The retail apparel group in general and M and KSS in particular are down meaningfully in price after both retailers lowered guidance.
- Most of the weakness apparently was in November, especially before the election. Thanks to Rule FD, this data is not released on a timely basis.
- Stock charts of VF Corp. (VFC) and PVH (PVH - Get Report) had suggested weakness in apparel, although M suggested handbags and watches in its release. This would be the second year in a row of poor apparel sales. (Some reversion to the mean should be expected in the quarter ahead).
- The consumer's economic situation remains quite strong. The first quarter will be helped by a late Easter.
Macy's also announced yesterday a restructuring in recognition of being "over-stored." It is closing 100 stores; it has identified 68 of them that will shut their doors. I sense most of the comp shortfall at the retailer was in stores that will be closed. In a trip I recently made to soon-to-be-shuttered Macy's CityPlace store in West Palm Beach, the stores clearly were not replenished in a timely manner and I had heard that many of the associates knew something was up. A lot of the problems here should not recur next year and the company remains financially strong. I do not expect a cut in the dividend. Macy's also noted that its large online business grew more than 10%.
Retail's Technological Obsolescence Is on Display; Is It Soon to Be Discounted?
"Price is what you pay, value is what you get."
Amazon (AMZN - Get Report) remains a significant problem for any store-based retailer. Several speakers at the Citi TMT Conference noted AMZN is a threat to everyone as the company has no constraints on its strategy and does not need to deliver good quarterly earnings. AMZN clearly wreaked havoc with apparel merchants this holiday, but it is not going to get all the business.
At some point the share gains of Amazon and its peers will be discounted in retail share prices. We could be approaching that point sooner than later as the taste of buying after Wednesday's disappointments will be so sour as to dampen most investors' appetites. Moreover, who doesn't recognize by now the threats to traditional brick-and-mortar retailers? It is now universally assumed, so buying at the sound of trumpets could soon make sense.
As I posted Wednesday in "Ta Ta to Macy's and Kohl's," I sold my trading long rentals in M and KSS early yesterday morning at or near the day's price highs.
Thursday morning, Macy's common share price will probably open at 5x to 6x 12-month trailing Ebitd. Kohl's will open below that. These firms are not going away and, though I won't be participating, deep-value buyers--and maybe even some activist investors--will have a field day with retail merchandise "going on sale."

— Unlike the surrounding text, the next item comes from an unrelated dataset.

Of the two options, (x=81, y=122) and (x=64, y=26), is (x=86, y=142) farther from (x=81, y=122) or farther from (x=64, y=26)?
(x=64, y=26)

The issue, of course, is how long and how deep that sale will go on!
Two additional comments:
- The aforementioned problems may have limited impact on my only long in the space, JCPenney (JCP - Get Report) , which is trading at around $8 in the pre-market. The JCP stores I recently have visited look fresh and clean, the appliance initiative is gaining traction and the sale of the corporate headquarters will strengthen the company's financials, but it should be noted it was expected. I remain a buyer on weakness, with a time frame measured in months and years and not days and weeks.
- The mess at Sears Holdings (SHLD) probably should unwind quickly, as I suggested in my 15 Surprises for 2017. It is hard to believe it had anything but a devastatingly bad fourth quarter. I doubt vendors will choose to support it in 2017 in spite of CEO Ed Lampert's latest injection of funds. Sears' sales of $20 billion is a lot of market share for JCP and others to take.
Position: Long JCP large; short JCP puts.